Data excerpts:
---
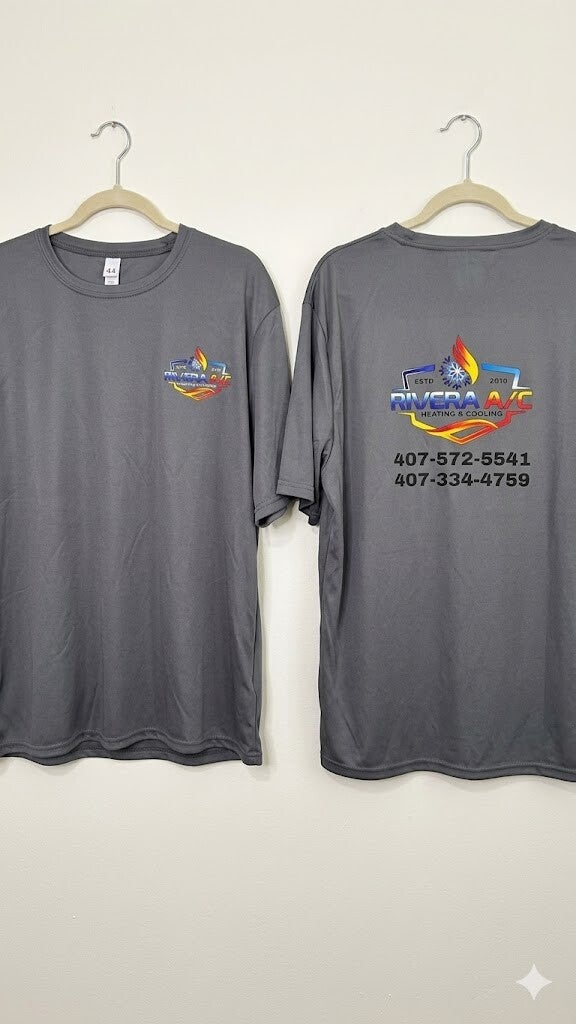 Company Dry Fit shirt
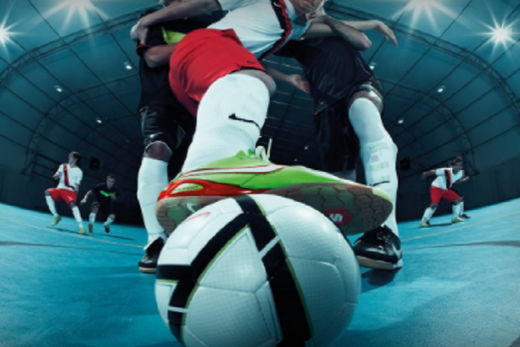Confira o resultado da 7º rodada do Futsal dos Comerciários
---
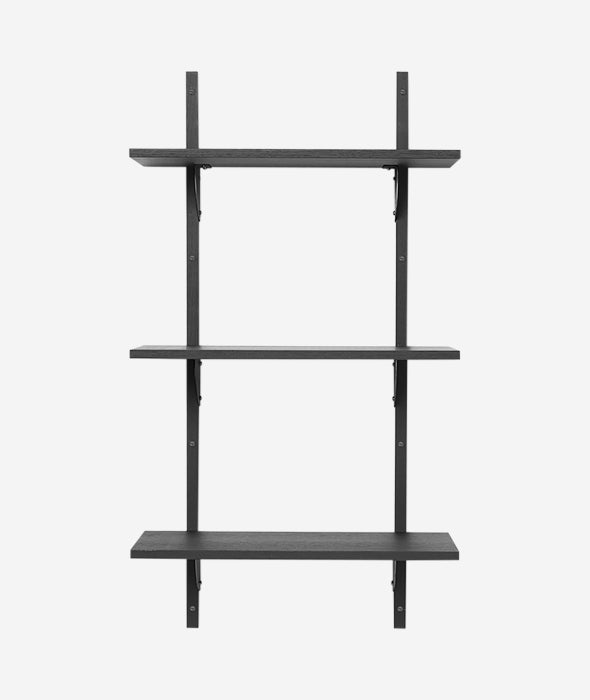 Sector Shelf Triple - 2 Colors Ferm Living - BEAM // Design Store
---
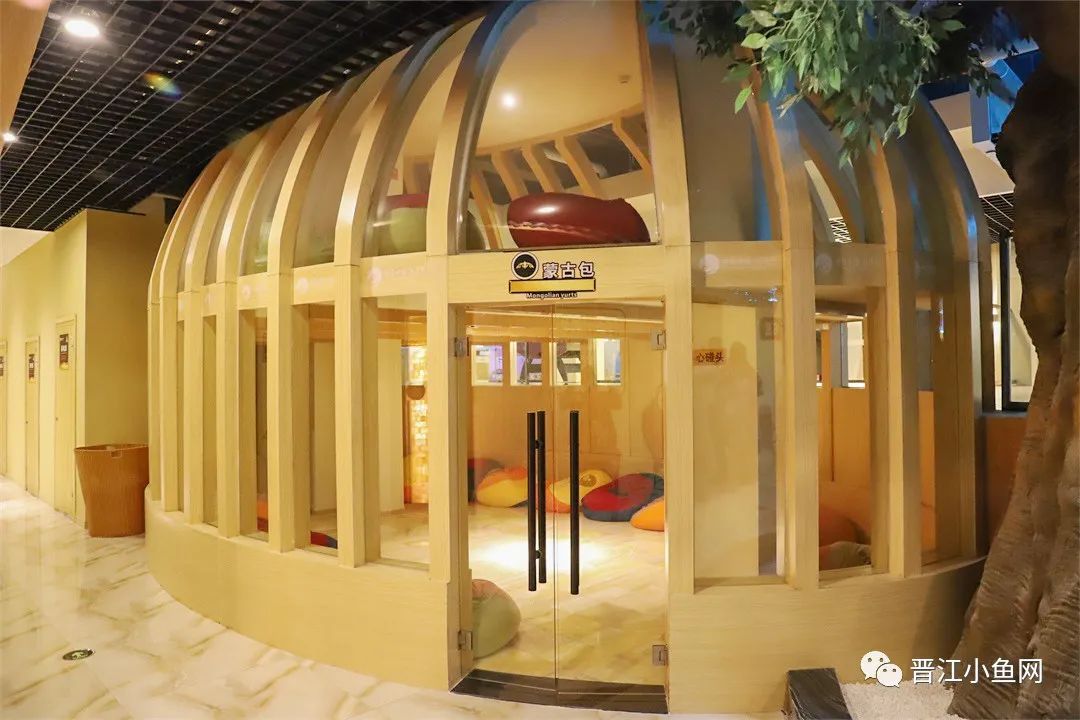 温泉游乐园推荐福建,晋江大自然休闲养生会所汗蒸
---
Your objective:
Print exactly the lines above that run from the one with "Company Dry Fit shirt" down to the one with "Confira o resultado", and omit the pictures.

Solution for this problem:
 Company Dry Fit shirt
Confira o resultado da 7º rodada do Futsal dos Comerciários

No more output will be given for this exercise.